Redfin reported Thursday that the number of Bay Area residents searching its site for homes in the Seattle area has dropped 45 percent compared to a year ago. It comes after the number of people exploring the Bay Area-to-Seattle move had quadrupled in the previous four years, intensifying long-running (and largely overblown) fears that wealthy techies and other Californians were coming here and plunking down huge cash sums to drive up prices across the Puget Sound region.

But now apparently Seattle isn’t the bargain that people in San Francisco and Silicon Valley once considered it to be, even though home prices here are still about half that of the Bay Area. Instead, Bay Area residents looking to flee the land of the million-dollar home are increasingly looking at other tech hubs, namely Austin, Denver, Boston and Washington, D.C.

Nela Richardson, Redfin’s chief economist, said while other tech-heavy cities have various housing challenges, Seattle is the only one that has a brutal trifecta of problems working against it: soaring prices, lack of inventory and homes that sell too quickly for out-of-towners to tour. Basically, the homes here have already been picked over.

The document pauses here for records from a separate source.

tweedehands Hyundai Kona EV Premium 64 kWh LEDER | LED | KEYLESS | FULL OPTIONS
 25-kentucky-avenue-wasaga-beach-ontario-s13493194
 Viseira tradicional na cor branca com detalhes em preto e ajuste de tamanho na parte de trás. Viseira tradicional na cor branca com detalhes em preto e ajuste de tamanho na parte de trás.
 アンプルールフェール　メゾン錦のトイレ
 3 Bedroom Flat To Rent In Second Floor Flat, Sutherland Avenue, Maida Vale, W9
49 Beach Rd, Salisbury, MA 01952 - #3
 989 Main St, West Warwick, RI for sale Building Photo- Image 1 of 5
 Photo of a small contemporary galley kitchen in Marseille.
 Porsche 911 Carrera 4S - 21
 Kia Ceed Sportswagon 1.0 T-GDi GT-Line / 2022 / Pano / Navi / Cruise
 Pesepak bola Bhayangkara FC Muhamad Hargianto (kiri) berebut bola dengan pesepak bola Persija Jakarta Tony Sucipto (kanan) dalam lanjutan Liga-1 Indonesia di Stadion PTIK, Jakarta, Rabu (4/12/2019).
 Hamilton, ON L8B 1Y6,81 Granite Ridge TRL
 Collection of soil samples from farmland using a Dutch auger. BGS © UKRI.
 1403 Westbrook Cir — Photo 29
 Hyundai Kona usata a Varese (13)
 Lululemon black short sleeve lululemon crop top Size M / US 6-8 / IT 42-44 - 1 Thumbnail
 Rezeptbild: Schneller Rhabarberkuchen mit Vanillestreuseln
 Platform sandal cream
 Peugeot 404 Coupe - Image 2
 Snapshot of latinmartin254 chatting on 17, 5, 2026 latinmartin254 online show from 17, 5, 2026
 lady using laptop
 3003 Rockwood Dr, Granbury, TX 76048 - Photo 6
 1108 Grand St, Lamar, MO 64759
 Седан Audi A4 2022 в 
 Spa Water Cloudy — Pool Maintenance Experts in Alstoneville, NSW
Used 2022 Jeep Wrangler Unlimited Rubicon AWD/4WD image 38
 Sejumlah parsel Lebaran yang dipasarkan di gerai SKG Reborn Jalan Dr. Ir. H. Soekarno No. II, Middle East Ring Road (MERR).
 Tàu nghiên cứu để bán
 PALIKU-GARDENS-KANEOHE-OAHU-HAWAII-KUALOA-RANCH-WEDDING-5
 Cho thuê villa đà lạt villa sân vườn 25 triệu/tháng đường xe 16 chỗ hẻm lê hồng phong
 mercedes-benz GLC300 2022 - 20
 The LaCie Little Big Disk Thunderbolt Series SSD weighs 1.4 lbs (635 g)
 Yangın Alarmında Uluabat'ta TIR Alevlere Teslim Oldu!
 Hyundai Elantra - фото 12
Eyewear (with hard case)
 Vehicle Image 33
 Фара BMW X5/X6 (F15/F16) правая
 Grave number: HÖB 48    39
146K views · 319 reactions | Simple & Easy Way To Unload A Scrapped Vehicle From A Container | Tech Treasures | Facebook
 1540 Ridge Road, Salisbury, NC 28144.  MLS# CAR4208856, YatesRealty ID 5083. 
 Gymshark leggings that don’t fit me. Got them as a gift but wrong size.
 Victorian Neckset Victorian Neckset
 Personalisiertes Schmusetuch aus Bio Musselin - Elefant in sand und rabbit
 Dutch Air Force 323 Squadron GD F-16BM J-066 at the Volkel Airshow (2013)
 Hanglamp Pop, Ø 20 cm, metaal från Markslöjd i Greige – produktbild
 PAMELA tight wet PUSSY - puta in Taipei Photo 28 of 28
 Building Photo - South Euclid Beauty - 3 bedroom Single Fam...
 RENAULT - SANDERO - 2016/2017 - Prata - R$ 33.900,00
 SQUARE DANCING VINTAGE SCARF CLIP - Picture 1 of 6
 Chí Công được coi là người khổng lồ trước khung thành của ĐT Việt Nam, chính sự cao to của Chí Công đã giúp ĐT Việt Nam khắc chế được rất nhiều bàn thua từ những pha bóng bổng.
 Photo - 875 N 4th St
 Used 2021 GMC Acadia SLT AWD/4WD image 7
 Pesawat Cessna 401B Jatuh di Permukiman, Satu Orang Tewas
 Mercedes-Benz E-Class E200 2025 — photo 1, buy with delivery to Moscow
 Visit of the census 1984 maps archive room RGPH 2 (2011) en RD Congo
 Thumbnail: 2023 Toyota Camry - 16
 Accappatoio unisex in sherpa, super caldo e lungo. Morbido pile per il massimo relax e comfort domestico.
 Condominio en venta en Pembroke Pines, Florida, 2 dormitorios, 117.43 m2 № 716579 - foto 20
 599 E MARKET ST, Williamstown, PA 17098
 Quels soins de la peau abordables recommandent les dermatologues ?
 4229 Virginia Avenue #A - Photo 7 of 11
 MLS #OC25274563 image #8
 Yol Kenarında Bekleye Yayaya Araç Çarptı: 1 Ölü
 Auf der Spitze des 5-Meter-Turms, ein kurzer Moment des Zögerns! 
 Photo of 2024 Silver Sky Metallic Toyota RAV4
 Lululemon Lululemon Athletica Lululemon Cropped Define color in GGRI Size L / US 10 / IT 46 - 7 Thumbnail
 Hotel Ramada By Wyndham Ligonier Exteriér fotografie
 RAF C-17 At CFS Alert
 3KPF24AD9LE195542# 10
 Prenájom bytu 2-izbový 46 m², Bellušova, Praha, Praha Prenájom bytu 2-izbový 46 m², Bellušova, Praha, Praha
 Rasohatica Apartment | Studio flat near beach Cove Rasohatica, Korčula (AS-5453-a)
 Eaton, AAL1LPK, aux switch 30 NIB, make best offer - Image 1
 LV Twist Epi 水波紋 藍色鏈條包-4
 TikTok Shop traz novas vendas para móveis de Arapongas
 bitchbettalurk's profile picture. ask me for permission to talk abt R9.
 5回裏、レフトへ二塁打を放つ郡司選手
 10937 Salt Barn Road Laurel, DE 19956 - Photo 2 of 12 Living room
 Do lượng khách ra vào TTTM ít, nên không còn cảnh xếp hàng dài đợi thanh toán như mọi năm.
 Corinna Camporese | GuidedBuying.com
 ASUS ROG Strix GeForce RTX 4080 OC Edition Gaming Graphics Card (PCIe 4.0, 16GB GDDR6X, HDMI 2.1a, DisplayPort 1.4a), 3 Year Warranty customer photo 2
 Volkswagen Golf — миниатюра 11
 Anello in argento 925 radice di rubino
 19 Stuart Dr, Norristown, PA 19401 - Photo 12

Still, anecdotal reports from across the region – including from two of Redfin’s own agents – suggest brokers on the ground haven’t seen the California migration slowdown hit Seattle just yet, as the company says the search data may be more of a predictor of things to come. And despite the big drop from last year, the share of Bay Area residents searching for Seattle homes is still at its second-highest point of the decade.

“I still get a lot of buyers from the Bay Area, mostly because a lot of the big companies in the Bay Area have auxiliary offices up here, such as Facebook and Google,” said Seattle Redfin agent Kyle Moss. “It still feels cheaper up here.”

The top search destinations for Bay Area movers remain, in order, Sacramento, Southern California, Seattle and then Portland. But Portland, which has complained of a similar rise in incoming Californians, saw a 21 percent drop in Bay Area home hunters in the past year, Redfin said.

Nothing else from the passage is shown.